Come On Over and Sit Right Down

Parents who have been to a Hopkins ECFE class will recognize the words to our gathering song for circle time.  In fact, parents who have spent time in ECFE classes can often be heard absentmindedly singing the tunes for a great many of the songs that we sing during our group time (teachers are often heard humming as well!). Each class–infants through five year olds–incorporates a special group time with parents; we get a chance to sit together, sing, play simple games and enjoy the closeness of each other’s company.

There are many reasons for gathering in a group and creating a bit of structure in the midst of the joys of free play. The early childhood staff thought we would share some of these reasons with you to give a sense of the academic and social benefits of this experience.  We couldn’t resist sharing some photos of the smiles, interest and excitement that happens during this time as well!

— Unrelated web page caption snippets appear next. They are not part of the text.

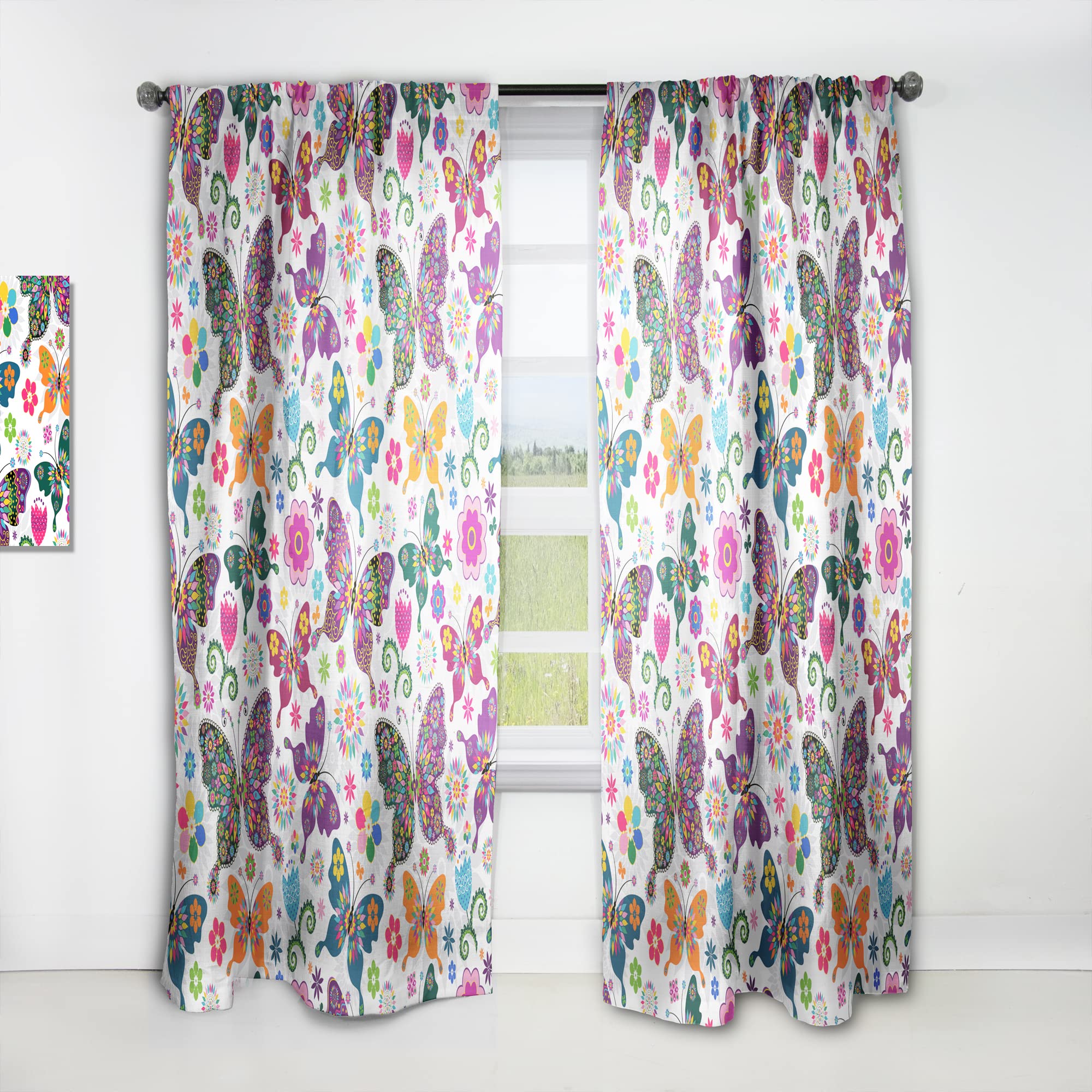 DesignQ Spring Floral Pattern Thermal Insulated Curtains - 52x108 Inch Single Panel for Bedroom & Living Room - Energy Saving Blackout Drapes for Home Decor, Privacy & Light Control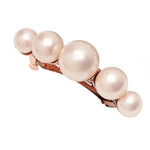 Load image into Gallery viewer, Radhu &amp; Kabby Elegant LightPink Pearl Hair Accessory | Premium Rose Gold Barrette for Women &amp; Girls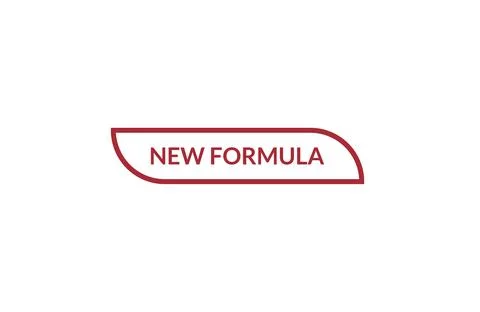 New formula red ribbon label banner. Open available now sign or New formula.. Stock Illustration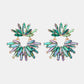 Flower Shape Glass Stone Dangle Earrings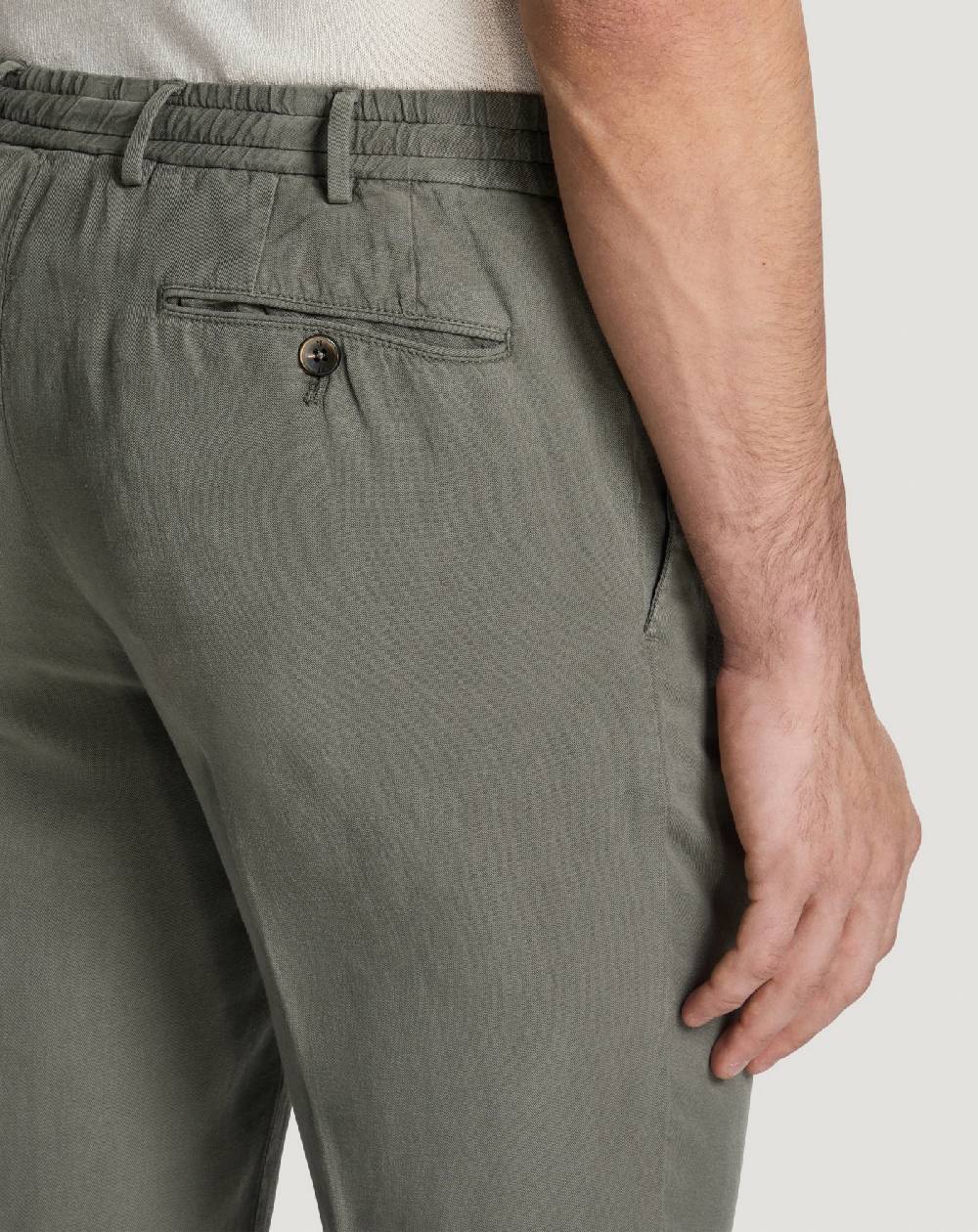 Pt Torino Pantaloni Slim in cotone e lino batavia Pezzi Unici
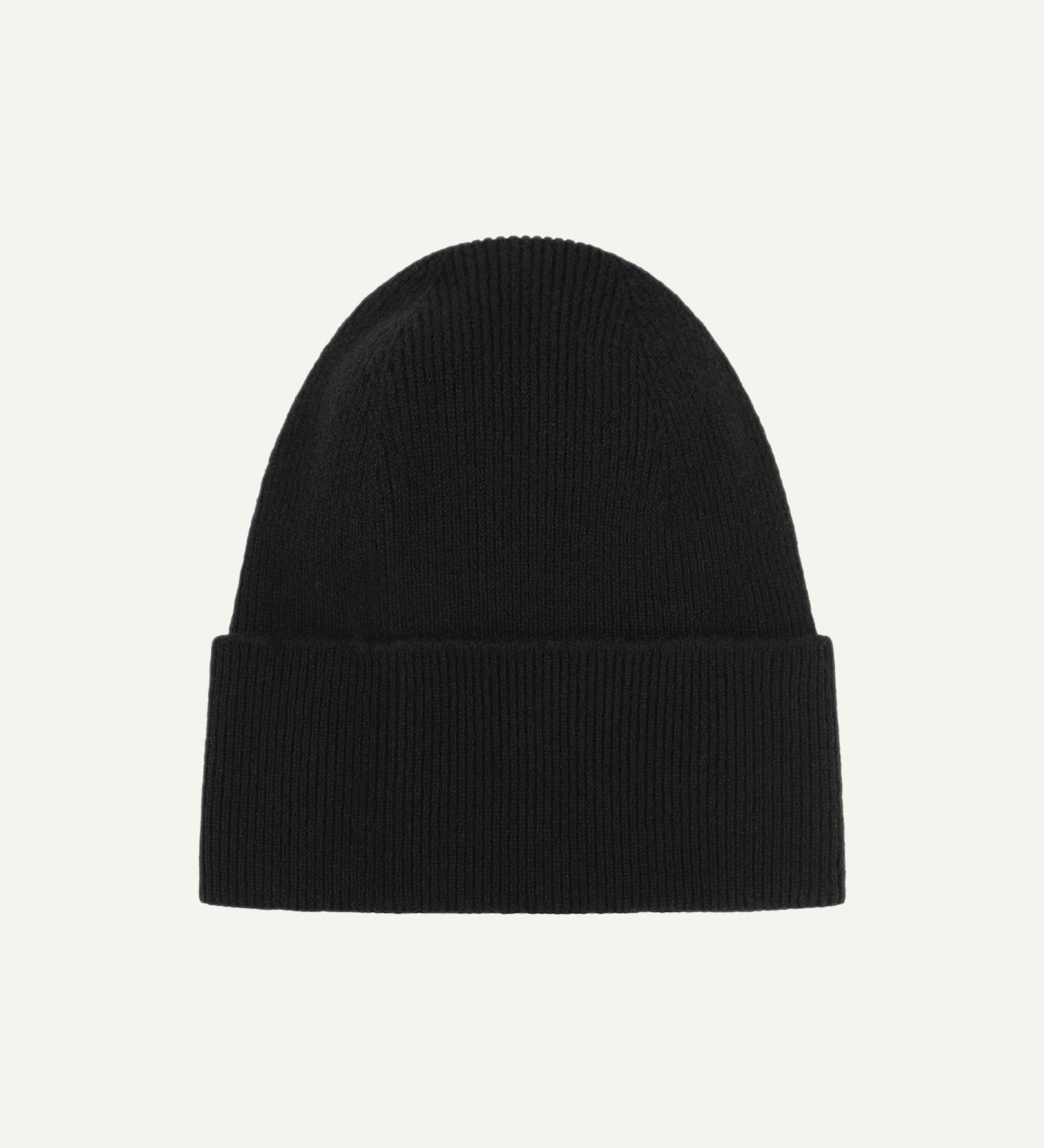 Flat view of Uskees 4004 black wool hat, showing a clear view of the adjustable cuff and the ribbed texture of the hat.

Circle time creates a natural break in the class where free time shifts to down time. Parents have the opportunity to focus in on their child in a way that incorporates a kind of play and interaction that children learn best from–engaging in activities together with a relaxed sort of teaching stemming from the songs.

What are the songs teaching? This shifts throughout the years. Infants learn to recognize the significance of their own name, learn to hear words as separate entities that have meaning, build muscle control through the bumping, popping, shifting and rocking that accompany the songs. In addition, infants get much needed and much delighted in face time with parents–one of the best ways to teach socialization is to socialize. Babies get to study a parent’s face, listen to the beloved parent’s gentle voice, and thrill in the touch of cuddling and hugging.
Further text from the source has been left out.